*** Opening Material for this exercise ***
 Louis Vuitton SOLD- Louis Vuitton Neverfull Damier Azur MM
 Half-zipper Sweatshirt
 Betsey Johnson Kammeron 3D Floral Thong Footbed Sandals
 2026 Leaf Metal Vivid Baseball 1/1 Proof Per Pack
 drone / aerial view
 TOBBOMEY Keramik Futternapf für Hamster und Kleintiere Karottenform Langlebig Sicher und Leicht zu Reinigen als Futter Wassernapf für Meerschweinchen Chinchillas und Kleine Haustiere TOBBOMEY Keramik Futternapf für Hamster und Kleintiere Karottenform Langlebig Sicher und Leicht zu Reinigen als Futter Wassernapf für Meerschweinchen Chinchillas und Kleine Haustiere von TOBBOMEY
*** Closing Material for this exercise ***
## Your assignment
Write down only the closing run of lines: the one containing "Betsey Johnson Kammeron" and every line after it to the end of the entries, exactly.

## Result for this task
 Betsey Johnson Kammeron 3D Floral Thong Footbed Sandals
 2026 Leaf Metal Vivid Baseball 1/1 Proof Per Pack
 drone / aerial view
 TOBBOMEY Keramik Futternapf für Hamster und Kleintiere Karottenform Langlebig Sicher und Leicht zu Reinigen als Futter Wassernapf für Meerschweinchen Chinchillas und Kleine Haustiere TOBBOMEY Keramik Futternapf für Hamster und Kleintiere Karottenform Langlebig Sicher und Leicht zu Reinigen als Futter Wassernapf für Meerschweinchen Chinchillas und Kleine Haustiere von TOBBOMEY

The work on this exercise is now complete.